## About this task
Print the whole listing again exactly, keeping no pictures in it.

## Given information
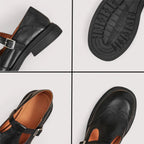 Mary Jane Shoes for Women with Orthopedic Support – Comfortable Fit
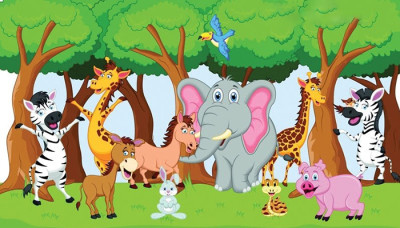 Chủ đề: Thế giới động vật. Khối Mầm. NH: 2025 - 2026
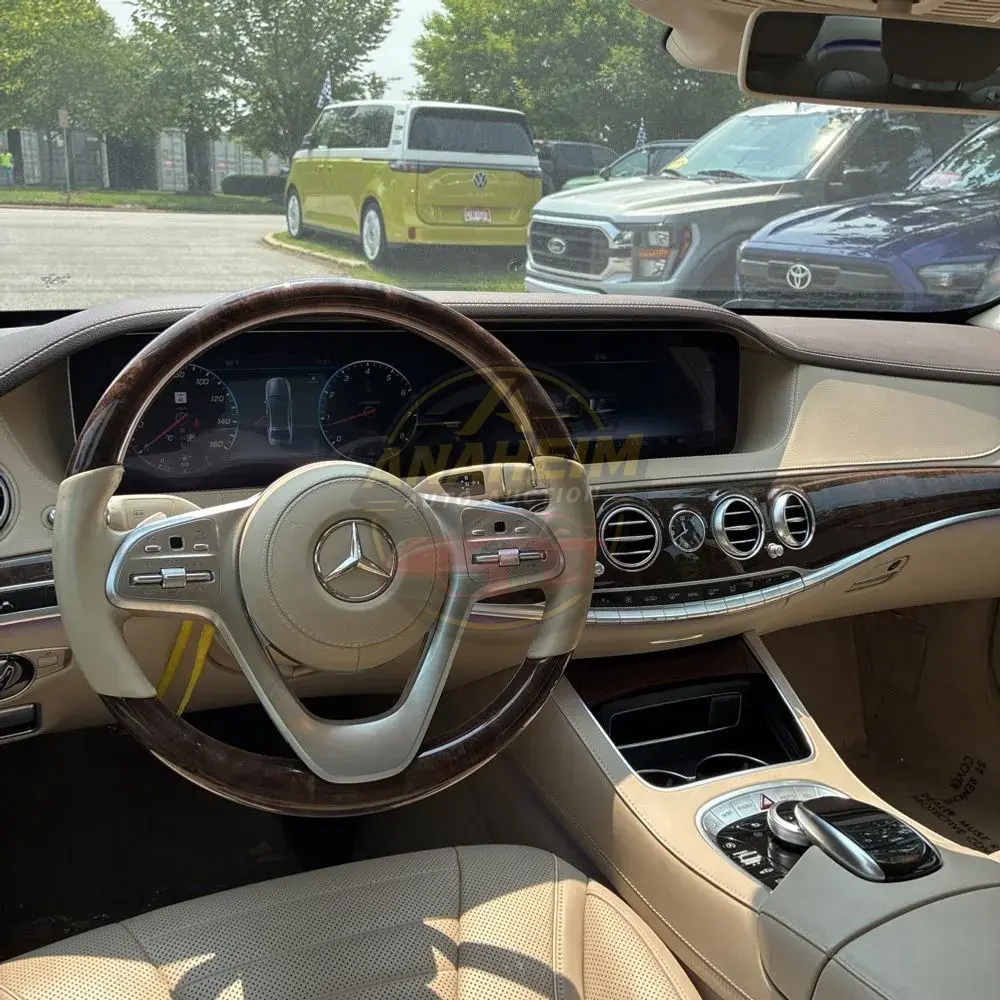 2018 Mercedes-Benz S-Class S 560 4MATIC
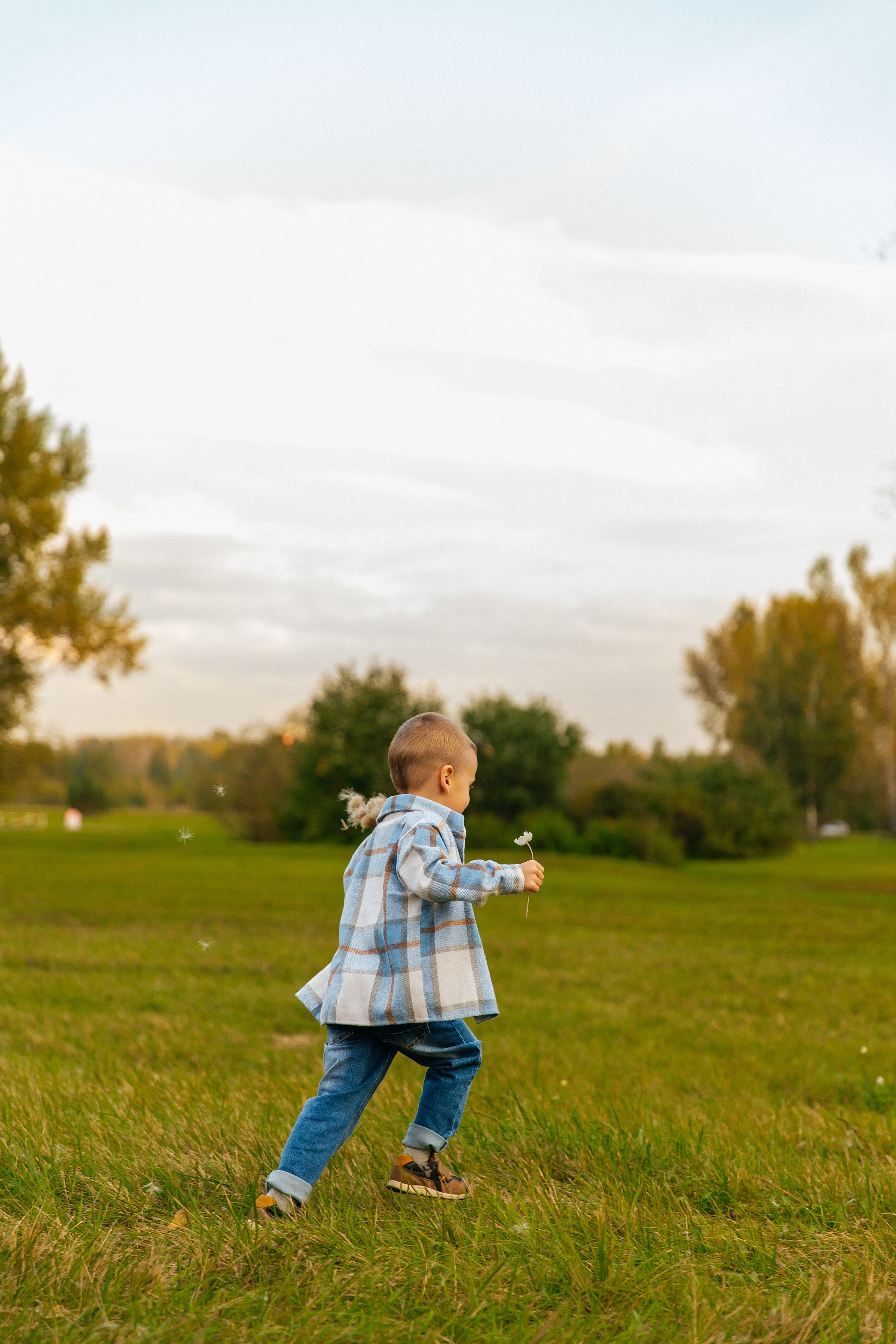 Тёплые моменты осени.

## Result
 Mary Jane Shoes for Women with Orthopedic Support – Comfortable Fit
 Chủ đề: Thế giới động vật. Khối Mầm. NH: 2025 - 2026
 2018 Mercedes-Benz S-Class S 560 4MATIC
 Тёплые моменты осени.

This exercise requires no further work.